§ About this task
Only one stretch of the data should be retyped: the lines from the line containing "Graffiti Wall - Photo" through the line containing "Ritas Gennadi Villa Extérieur photo". Keep pictures out of it.

§ Supplied material
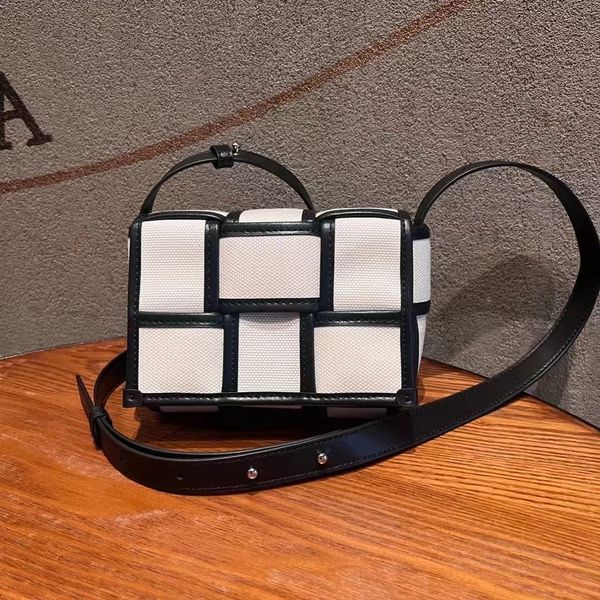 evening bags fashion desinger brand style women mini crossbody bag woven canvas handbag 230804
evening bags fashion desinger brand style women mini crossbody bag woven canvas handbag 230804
---
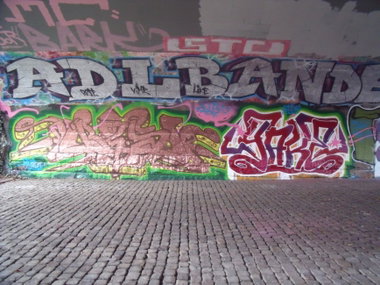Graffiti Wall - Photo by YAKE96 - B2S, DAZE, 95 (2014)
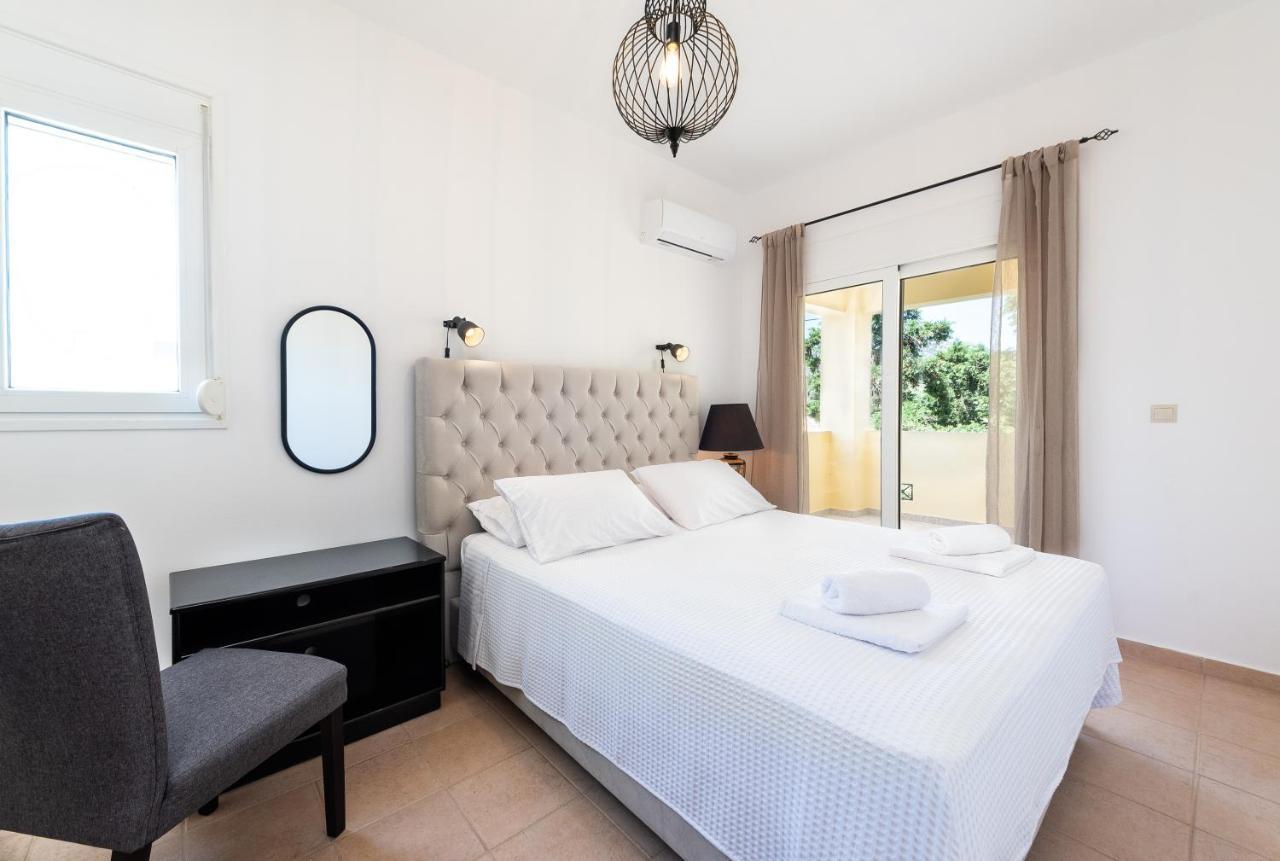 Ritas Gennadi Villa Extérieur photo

§ Response for this exercise
Graffiti Wall - Photo by YAKE96 - B2S, DAZE, 95 (2014)
 Ritas Gennadi Villa Extérieur photo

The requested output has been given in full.